> _WHAT IS BEING ASKED_: Retype the listing exactly, minus its pictures.

> _GIVEN MATERIAL_:
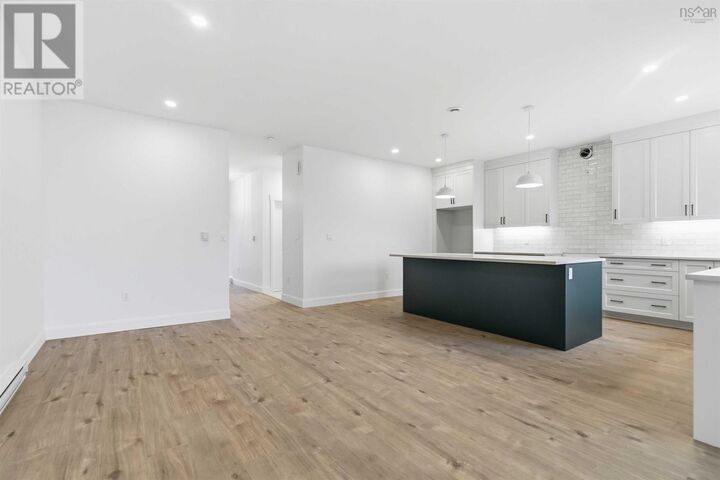 Property Photo:  54 Brianna Drive  NS B2S 0K4 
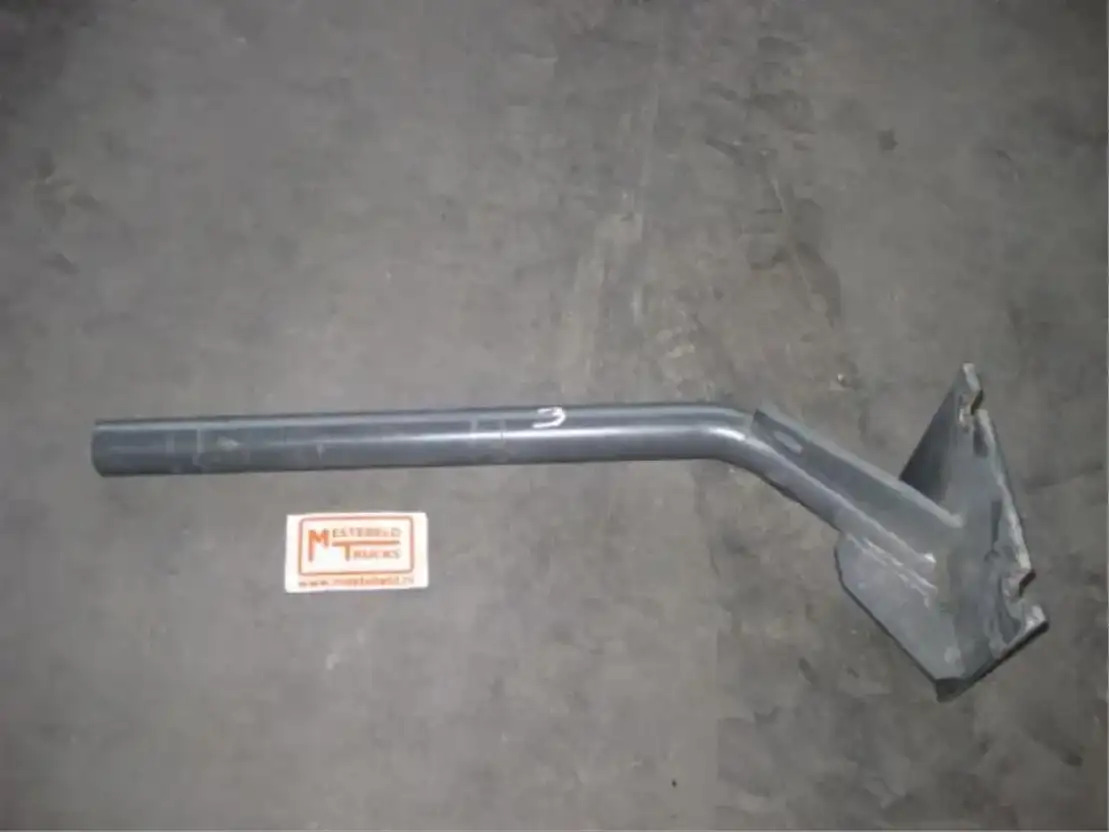 DAF Spatbordsteun XF 105 - Raam/ Konstruktsioon - Veoauto: pilt 1 DAF Spatbordsteun XF 105 - Raam/ Konstruktsioon - Veoauto: pilt 1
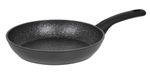 Frypan RESTO 93403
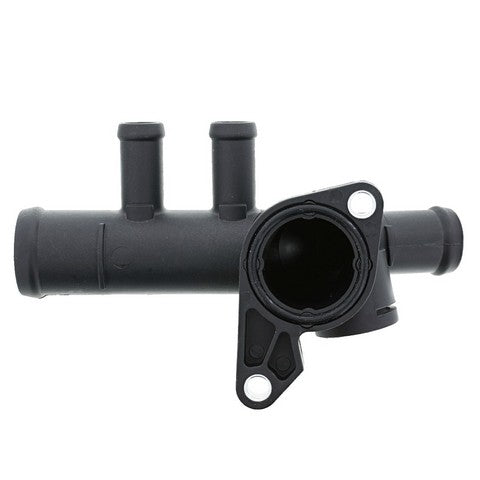 https://www.ShowMeThePartsdb.com/bin/images/MotoRad/CH2879_BOTTOM.JPG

> _SOLUTION FOR THIS EXERCISE_:
 Property Photo:  54 Brianna Drive  NS B2S 0K4 
 DAF Spatbordsteun XF 105 - Raam/ Konstruktsioon - Veoauto: pilt 1 DAF Spatbordsteun XF 105 - Raam/ Konstruktsioon - Veoauto: pilt 1
 Frypan RESTO 93403
 https://www.ShowMeThePartsdb.com/bin/images/MotoRad/CH2879_BOTTOM.JPG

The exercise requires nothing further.